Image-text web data
────

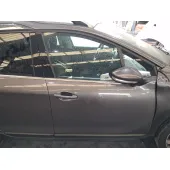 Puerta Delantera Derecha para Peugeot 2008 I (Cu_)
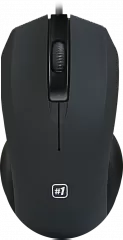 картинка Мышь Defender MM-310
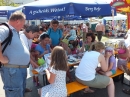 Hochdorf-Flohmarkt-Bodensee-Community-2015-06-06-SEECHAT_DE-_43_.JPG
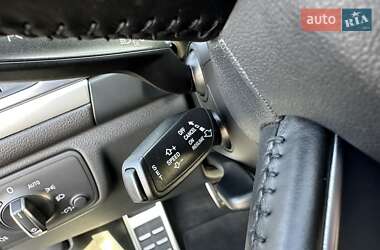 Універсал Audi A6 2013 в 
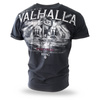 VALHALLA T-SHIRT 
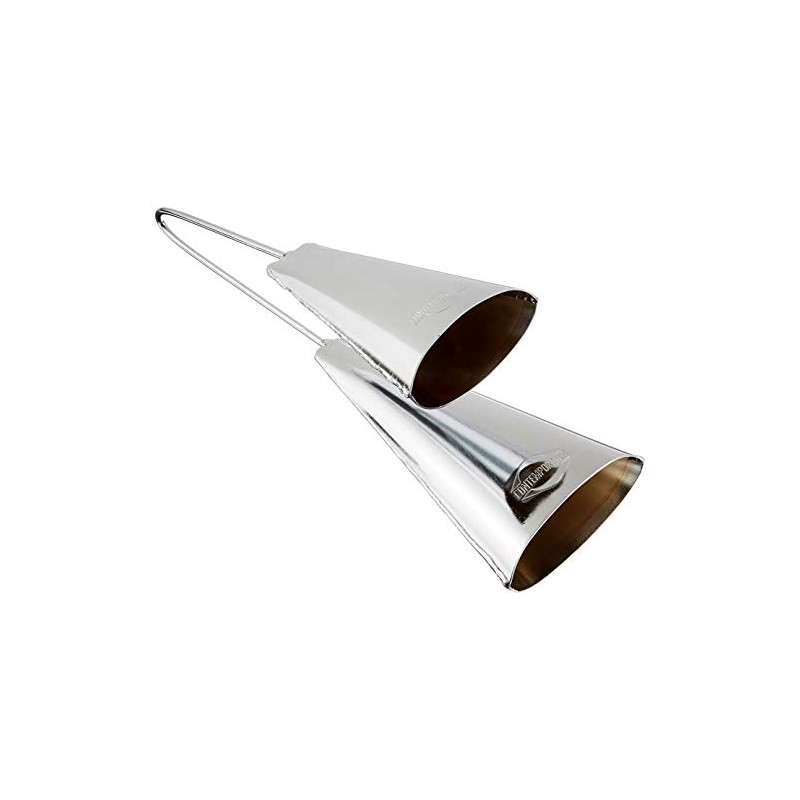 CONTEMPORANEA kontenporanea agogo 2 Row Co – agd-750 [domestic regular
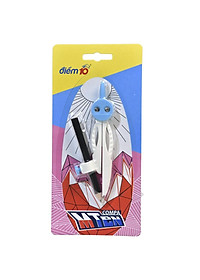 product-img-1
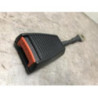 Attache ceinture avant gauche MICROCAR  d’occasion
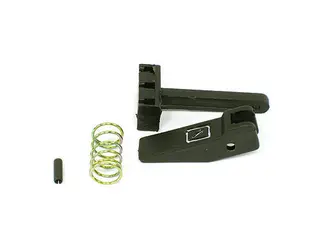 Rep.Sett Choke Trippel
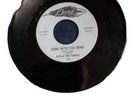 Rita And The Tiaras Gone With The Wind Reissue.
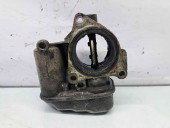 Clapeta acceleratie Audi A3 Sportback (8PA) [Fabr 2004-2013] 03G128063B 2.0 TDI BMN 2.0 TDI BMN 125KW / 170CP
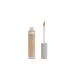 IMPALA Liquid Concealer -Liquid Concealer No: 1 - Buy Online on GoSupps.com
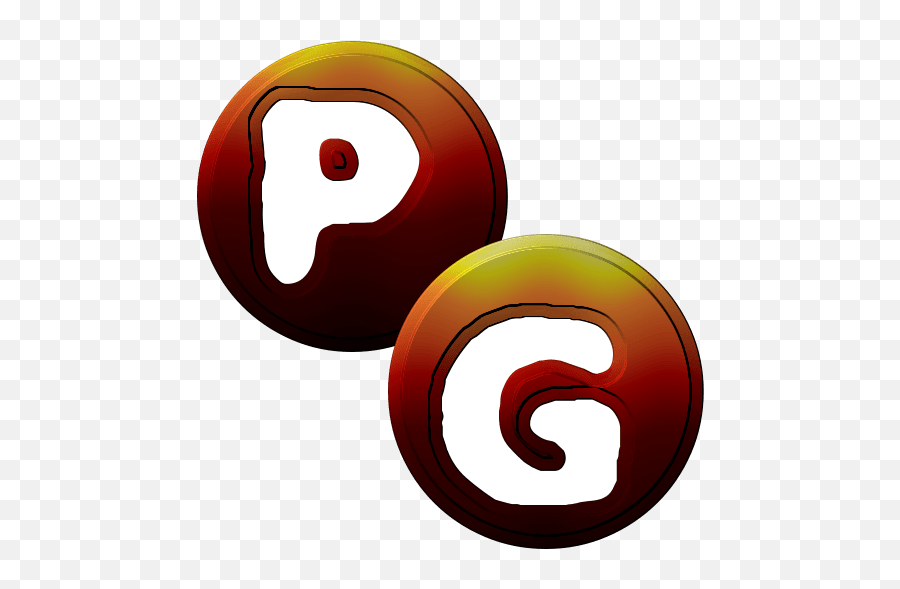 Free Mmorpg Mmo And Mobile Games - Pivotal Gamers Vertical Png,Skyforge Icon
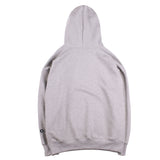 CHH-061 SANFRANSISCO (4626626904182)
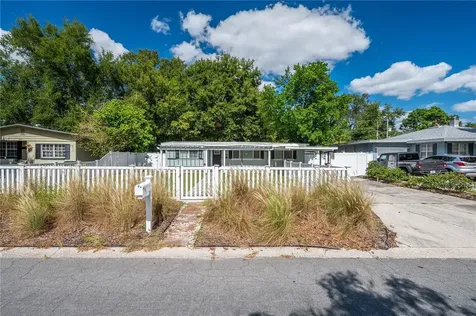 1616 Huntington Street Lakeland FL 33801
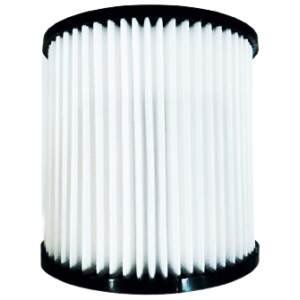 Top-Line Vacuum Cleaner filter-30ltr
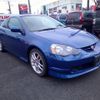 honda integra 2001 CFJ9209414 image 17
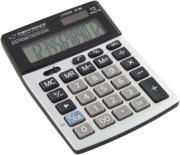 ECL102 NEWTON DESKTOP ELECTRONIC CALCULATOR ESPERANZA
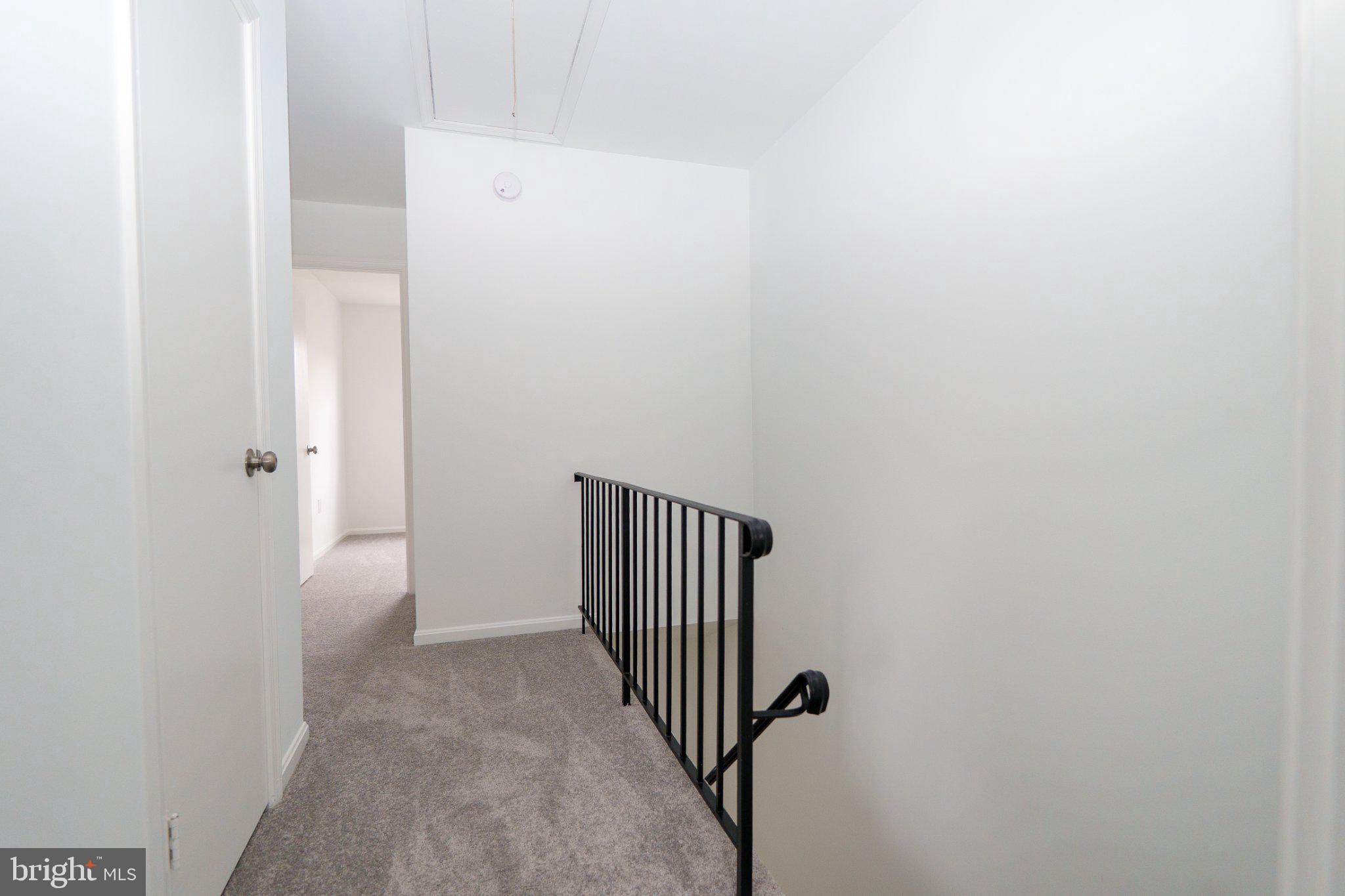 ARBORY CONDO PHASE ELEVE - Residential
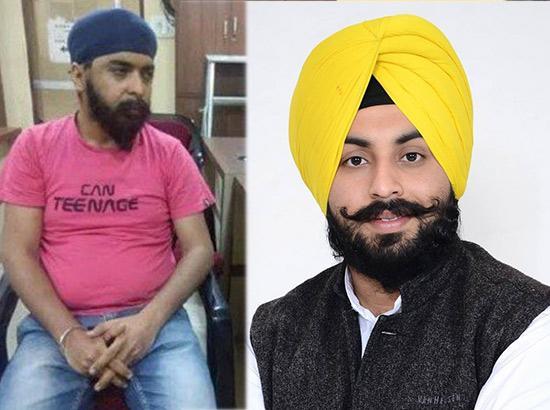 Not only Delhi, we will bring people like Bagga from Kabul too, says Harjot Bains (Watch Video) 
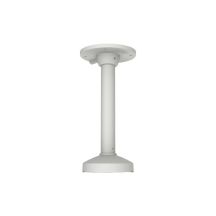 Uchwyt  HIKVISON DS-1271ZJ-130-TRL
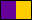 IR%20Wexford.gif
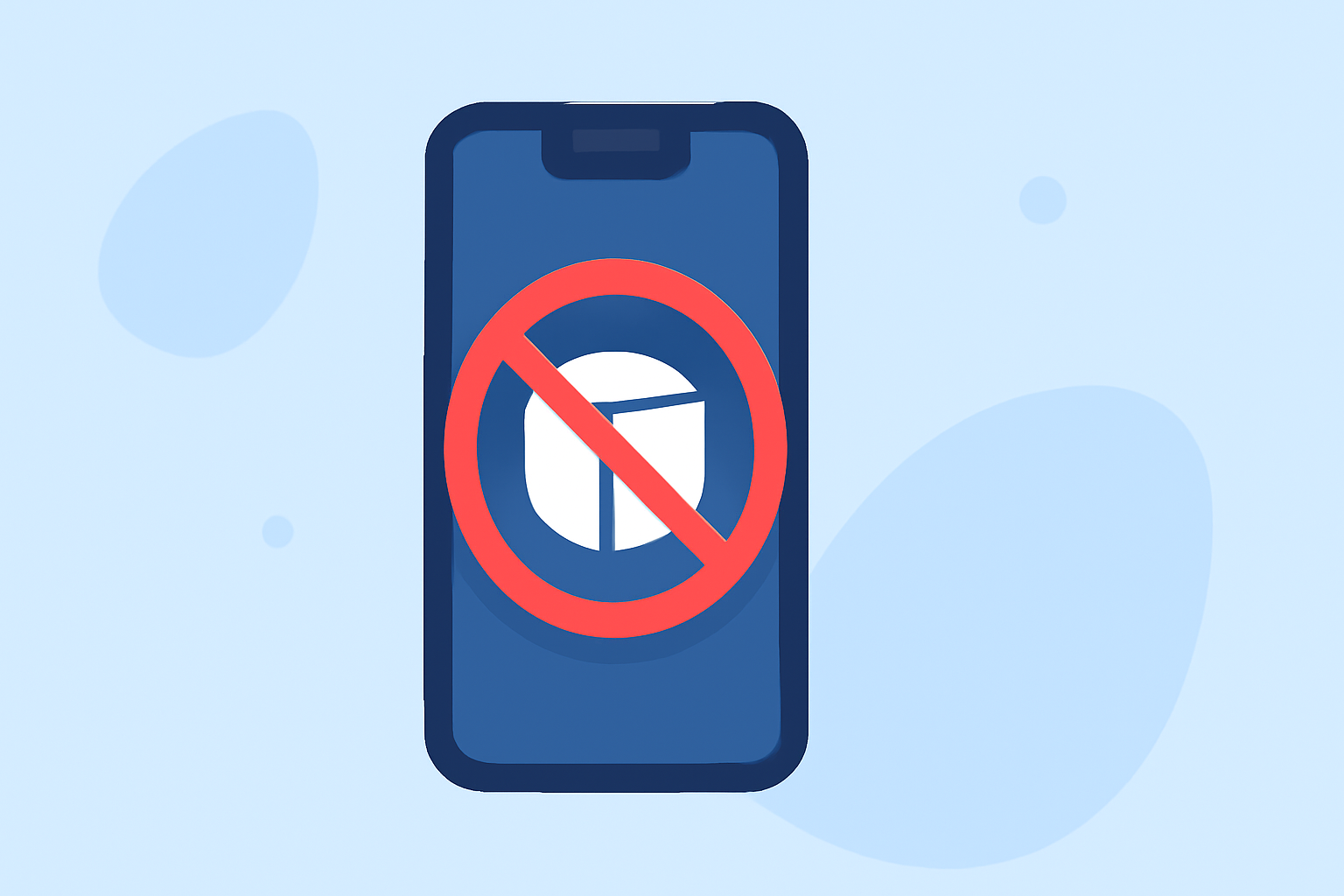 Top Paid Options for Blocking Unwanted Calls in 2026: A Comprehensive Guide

────

• **EXERCISE DESCRIPTION**: Transcribe, from the records above, the first line and every line after it up to and including the line with "Rita And The"; omit pictures.

• **TASK ANSWER**:
 Puerta Delantera Derecha para Peugeot 2008 I (Cu_)
 картинка Мышь Defender MM-310
 Hochdorf-Flohmarkt-Bodensee-Community-2015-06-06-SEECHAT_DE-_43_.JPG
 Універсал Audi A6 2013 в 
 VALHALLA T-SHIRT 
 CONTEMPORANEA kontenporanea agogo 2 Row Co – agd-750 [domestic regular
 product-img-1
 Attache ceinture avant gauche MICROCAR  d’occasion
 Rep.Sett Choke Trippel
 Rita And The Tiaras Gone With The Wind Reissue.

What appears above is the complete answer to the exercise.